## Short descriptive text snippets
+---+

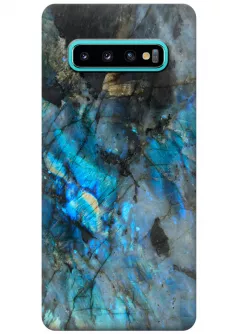 Чехол для Galaxy S10+ - Синий мрамор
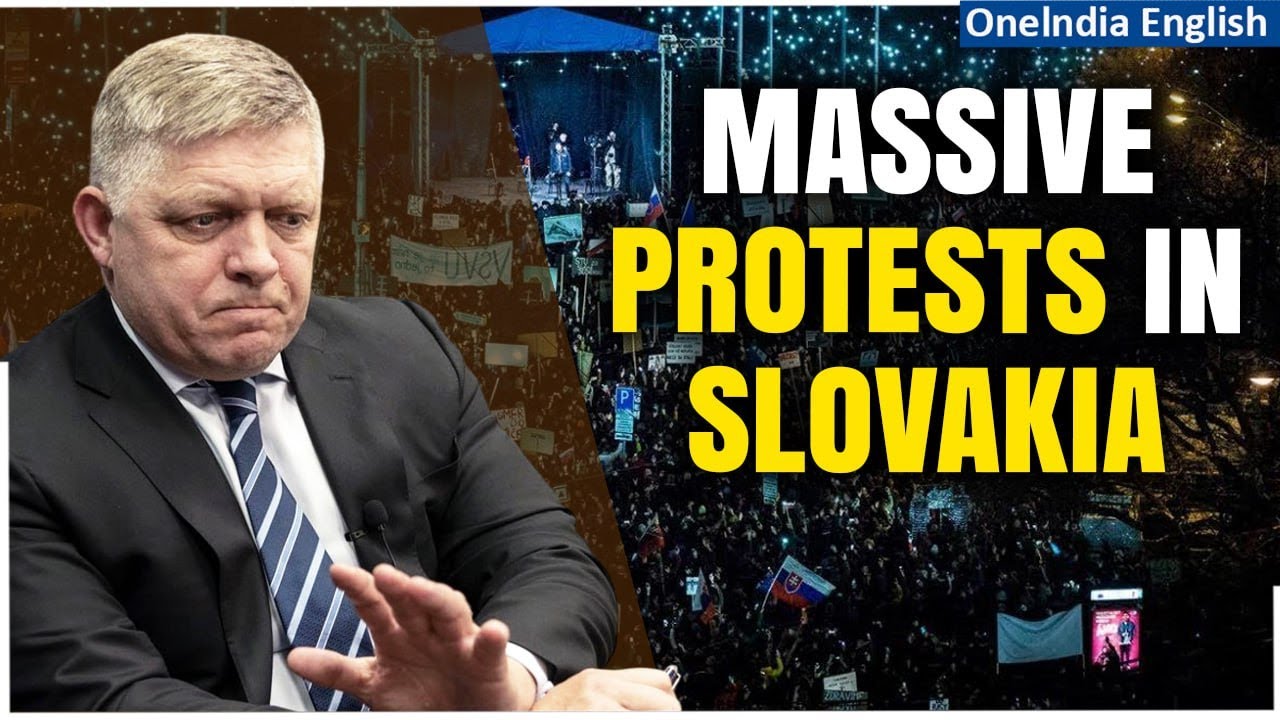Protests Breaks Out in Slovakia Amid Growing Frustrations With PM Fico&rsquo;s Russia Policy| Oneindia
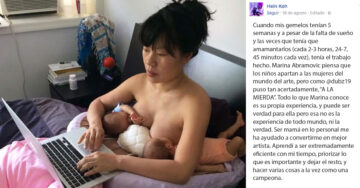 La emotiva carta y foto de una madre de gemelos demuestra que ser mamá no impide alcanzar tus sueños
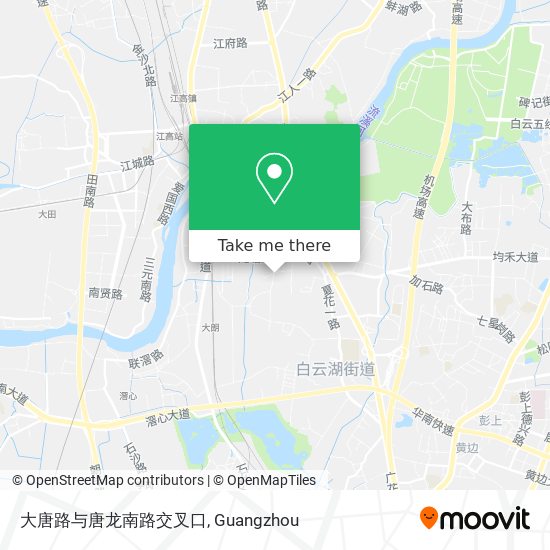 大唐路与唐龙南路交叉口 map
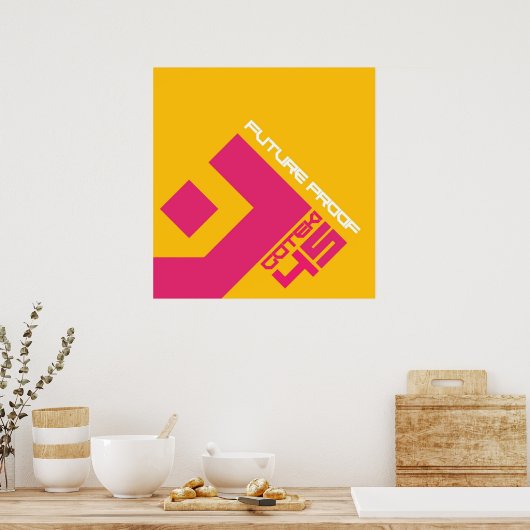 Het toekomstige bewijs van de ontwerprepubliek Got Poster (Keuken)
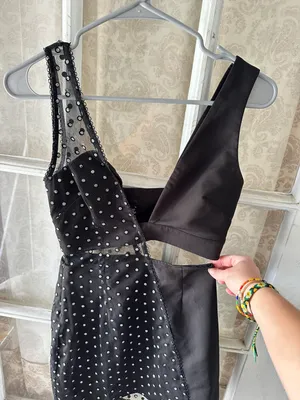 H:ours Laeticia Mini Dress in Silver Dots XXS thumbnail 6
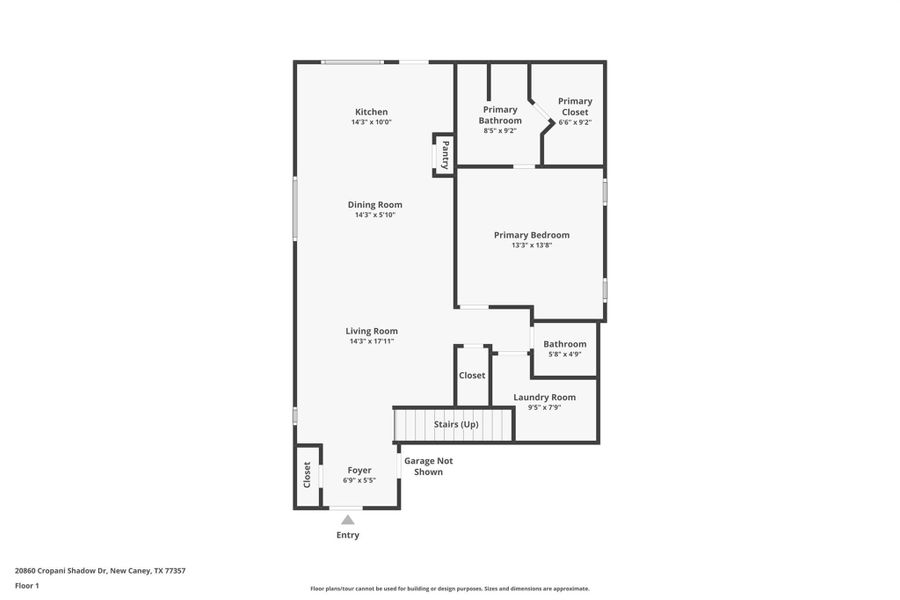 2D floor plan layout of this home in Tavola: Gulf Coast Collection, New Caney, TX (Image 5).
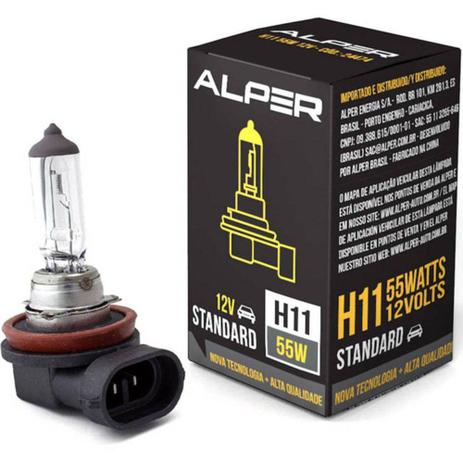 Menor preço em Lâmpada Carro Halógena H11 12V 55W 3200K Alper Standard Farol Baixo Neblina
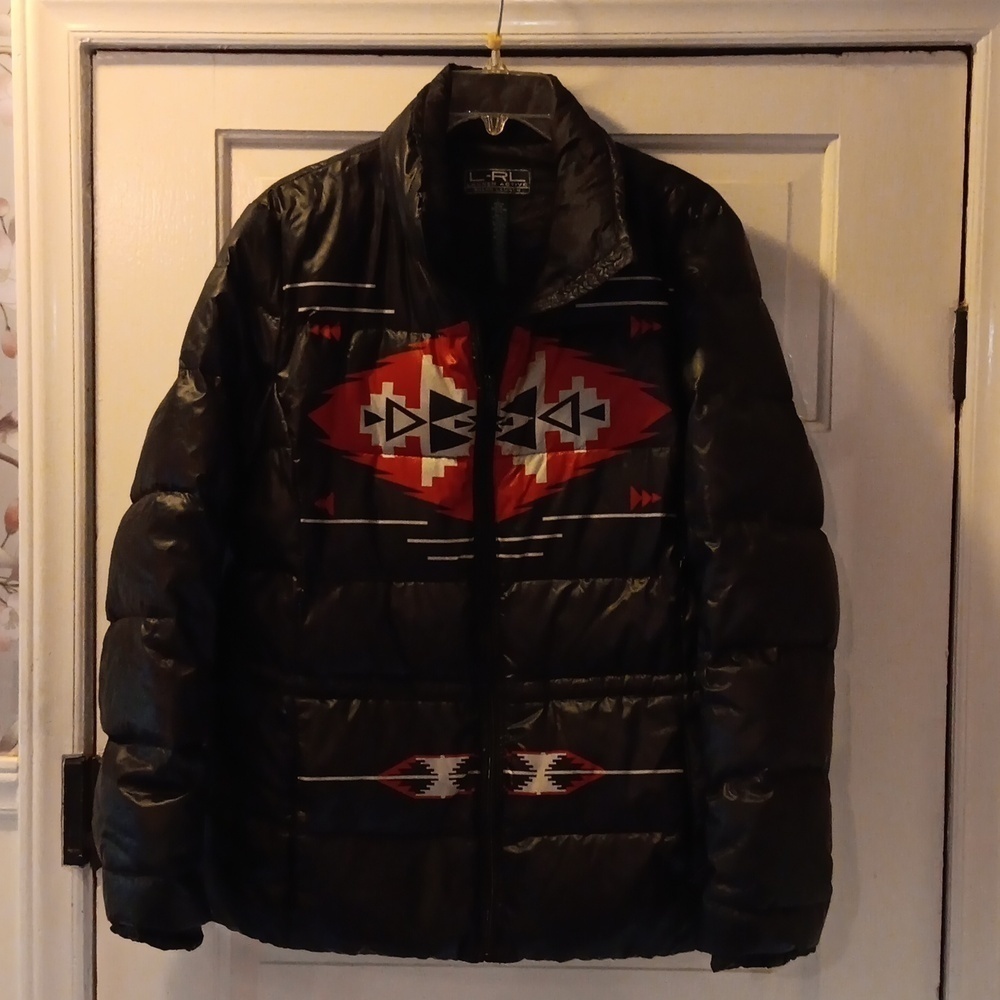 Lauren Ralph Lauren large Aztec puffer jacket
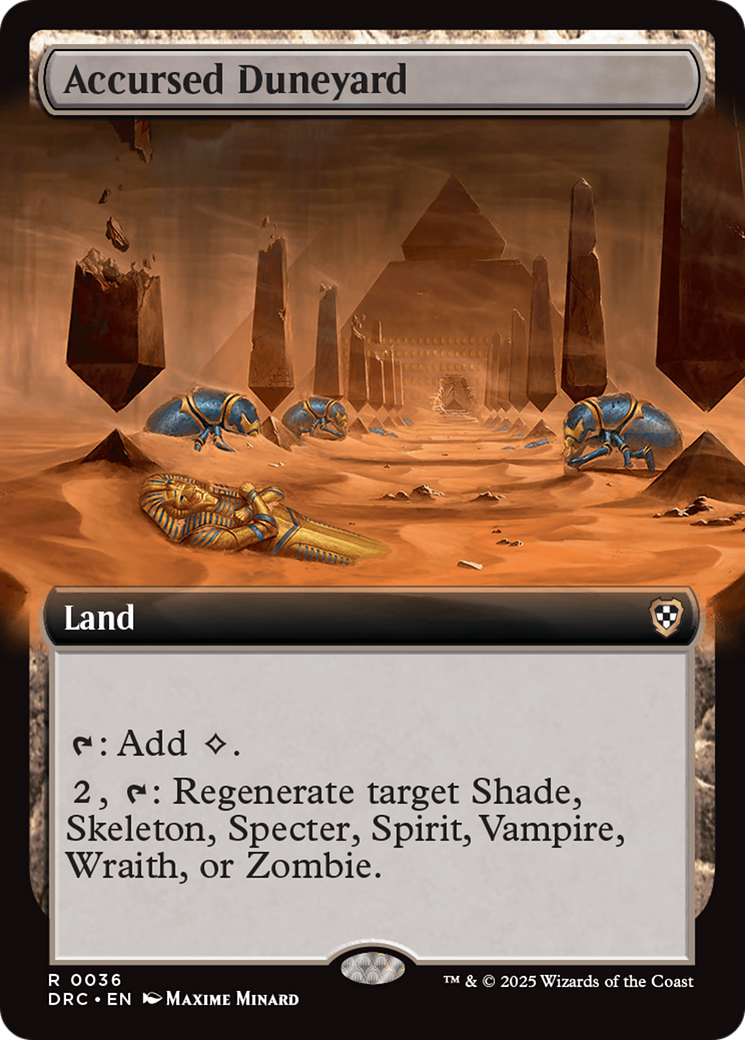 Accursed Duneyard (Extended Art) [Aetherdrift Commander] | Empire Gaming NC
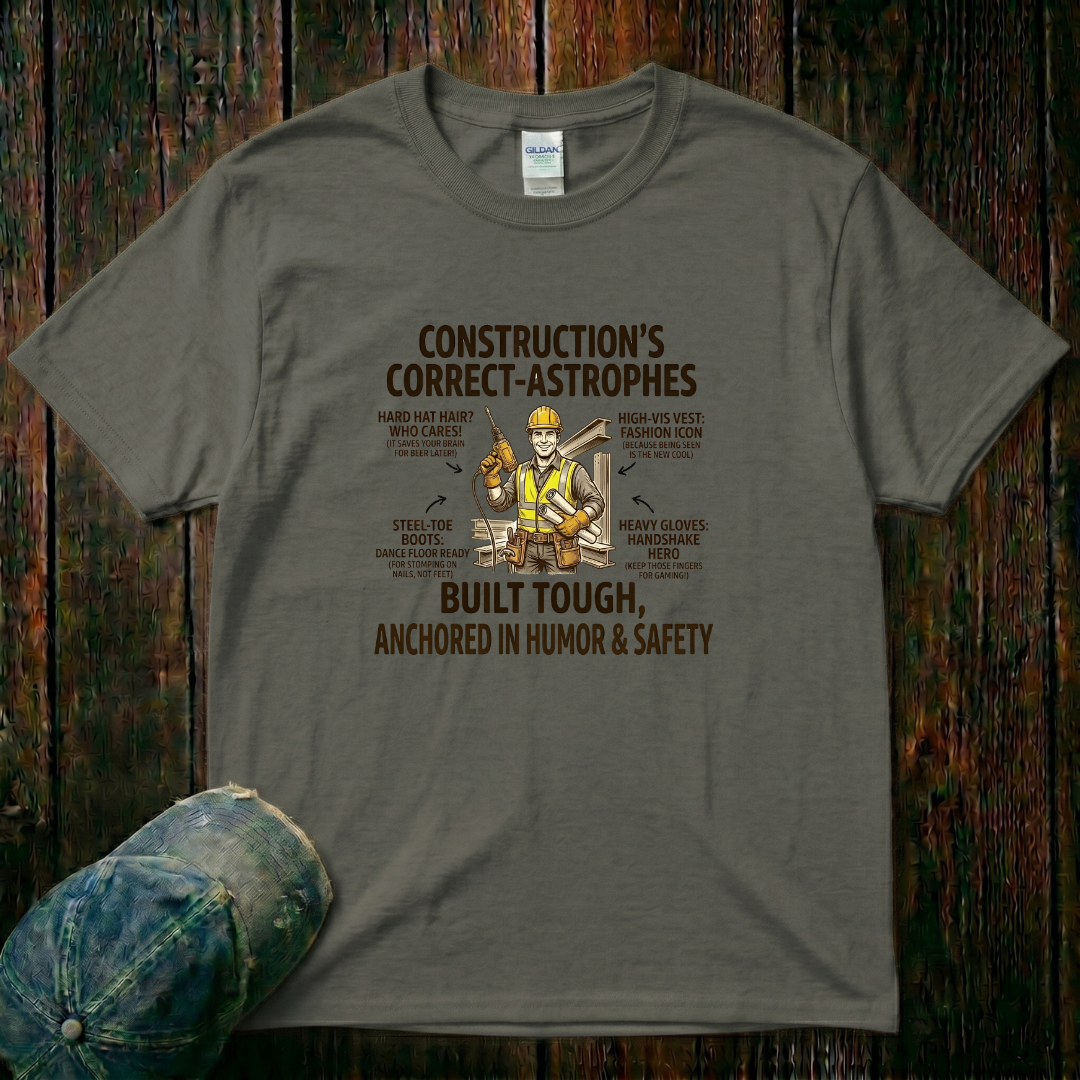 Construction's Correct-Astrophes T-Shirt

+---+

All of the entries above are to be restated word for word, minus the images.

## OUTPUT BELOW
 Чехол для Galaxy S10+ - Синий мрамор
Protests Breaks Out in Slovakia Amid Growing Frustrations With PM Fico&rsquo;s Russia Policy| Oneindia
 La emotiva carta y foto de una madre de gemelos demuestra que ser mamá no impide alcanzar tus sueños
 大唐路与唐龙南路交叉口 map
 Het toekomstige bewijs van de ontwerprepubliek Got Poster (Keuken)
 H:ours Laeticia Mini Dress in Silver Dots XXS thumbnail 6
 2D floor plan layout of this home in Tavola: Gulf Coast Collection, New Caney, TX (Image 5).
 Menor preço em Lâmpada Carro Halógena H11 12V 55W 3200K Alper Standard Farol Baixo Neblina
 Lauren Ralph Lauren large Aztec puffer jacket
 Accursed Duneyard (Extended Art) [Aetherdrift Commander] | Empire Gaming NC
 Construction's Correct-Astrophes T-Shirt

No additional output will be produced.